Date posted: January 22, 2014

GÜNAY HİLAL AYGÜN

Turkey saw the announcement of a prominent court ruling on Friday regarding a major match-fixing case involving Aziz Yıldırım, chairman of Fenerbahçe, one of the leading football clubs in the country.

The Supreme Court of Appeals upheld the decision of a lower court that sentenced Yıldırım to prison in the case in which several football clubs are involved. Yıldırım, who is accused of fixing games, trying to influence the outcome of matches and leading a criminal gang, was sentenced to six years, three months in prison in 2012. Yıldırım had spent a year behind bars but was released pending the outcome of his appeal. Now he will have to return to prison and step down as Fenerbahçe chairman. The scandal that rocked the reputation of Turkish football hit the media in July 2011, with police raids on football club premises and detentions of 60 people suspected of rigging football matches in two leagues. Top officials of the various clubs, including Fenerbahçe and Beşiktaş had been arrested on charges of fraud and match fixing. The Union of European Football Associations (UEFA) banned Fenerbahçe from European club competition for three seasons and Beşiktaş for one season.

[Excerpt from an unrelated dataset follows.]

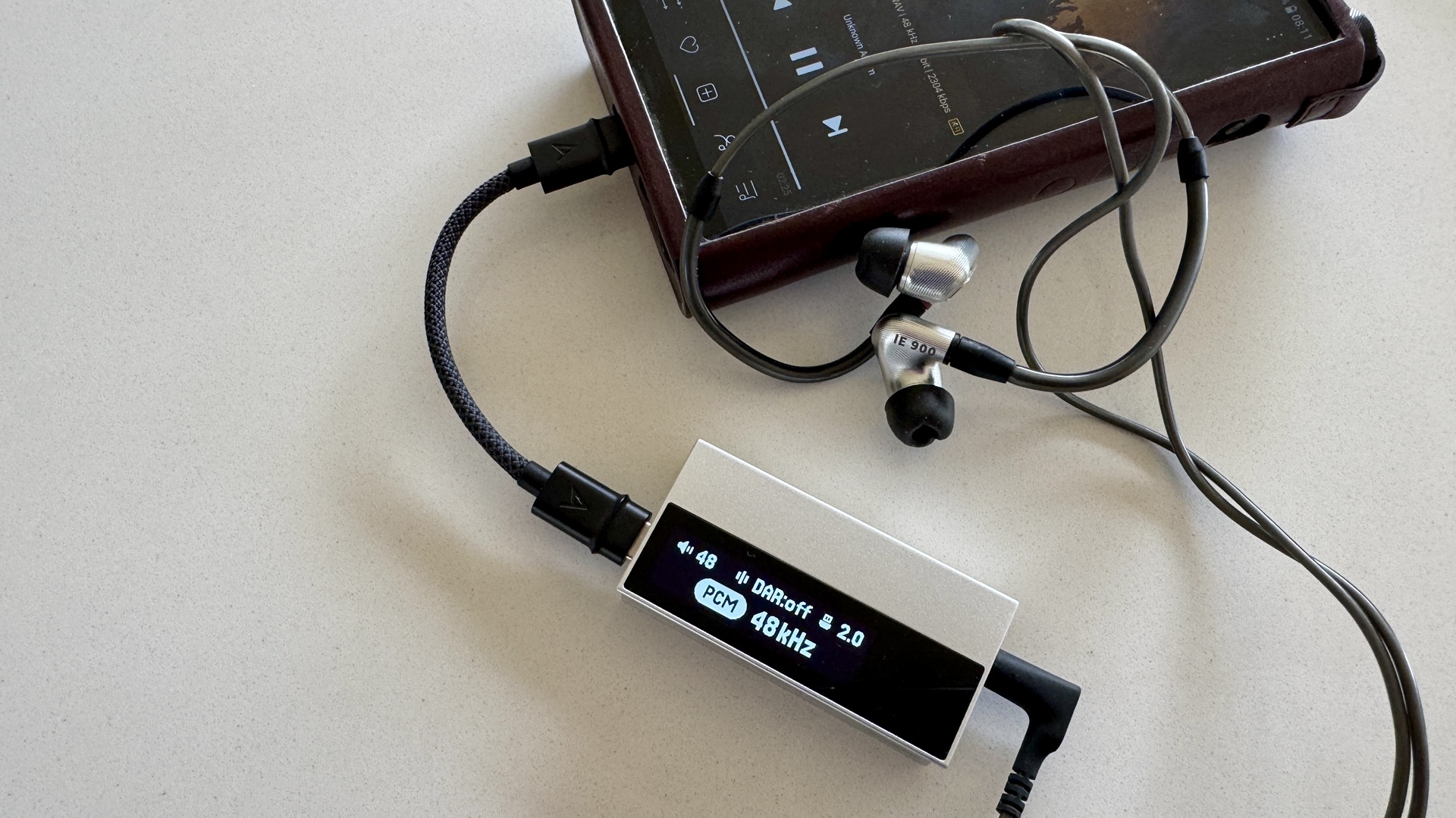 Astell & Kern HC5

Yıldırım, who was in France when he learned the upholding of his conviction by the Supreme Court of Appeals said he doesn’t recognize the verdict and claimed the case was politically motivated.

Hürriyet daily columnist Cengiz Çandar made a reference to Prime Minister Recep Tayyip Erdoğan’s comments concerning the Yıldırım verdict that he made while speaking to reporters at an airport before leaving for Brussels. Çandar quoted Erdoğan saying: “I consider the timing [of the Supreme Court of Appeals ruling] significant. Why wasn’t it announced before? Why was it announced just before the elections? They could have done it after March 30. This is to confuse people’s minds. I believe that a ‘parallel state’ that dominates the judiciary has taken that step as a result of its delicate calculations.” According to Çandar, Erdoğan was suggesting with that statement that the Hizmet (Service) movement was behind the court rulings against Yıldırım. Çandar wrote: “However, members and supporters of Fenerbahçe are no longer so naive as to buy Erdoğan’s words. … Nowadays, Erdoğan is leading a defamation campaign to black out the truth and to distort the facts through the discourses of ‘parallel state,’ ‘there is no corruption; but a coup’ and ‘international conspiracy’.” Çandar then quoted Yıldırım responding to a question asking if he thinks that the Hizmet movement is behind the case against Fenerbahçe, in an interview he recently gave to the Wall Street Journal (WSJ), saying: “This is not what I think. This is what the prime minister of the Turkish Republic thinks.”

With respect to the upholding of Yıldırım’s conviction, the Vatan daily’s Sanem Altan criticized the stance of the Turkish Football Federation (TFF) in her Wednesday column. Altan wrote: “What kind of a state is it where a court and a federation [TFF] can have such contradicting decisions? And is a football system reliable when it can have completely opposite decisions with the judiciary? … UEFA says ‘the crime has occurred,’ courts say ‘yes, it has’ and rule for conviction, the TFF says ‘no, there is no crime for us’.” Altan also asked, “How can the prime minister label the judiciary as unreliable by attributing the ruling to a ‘parallel state’?”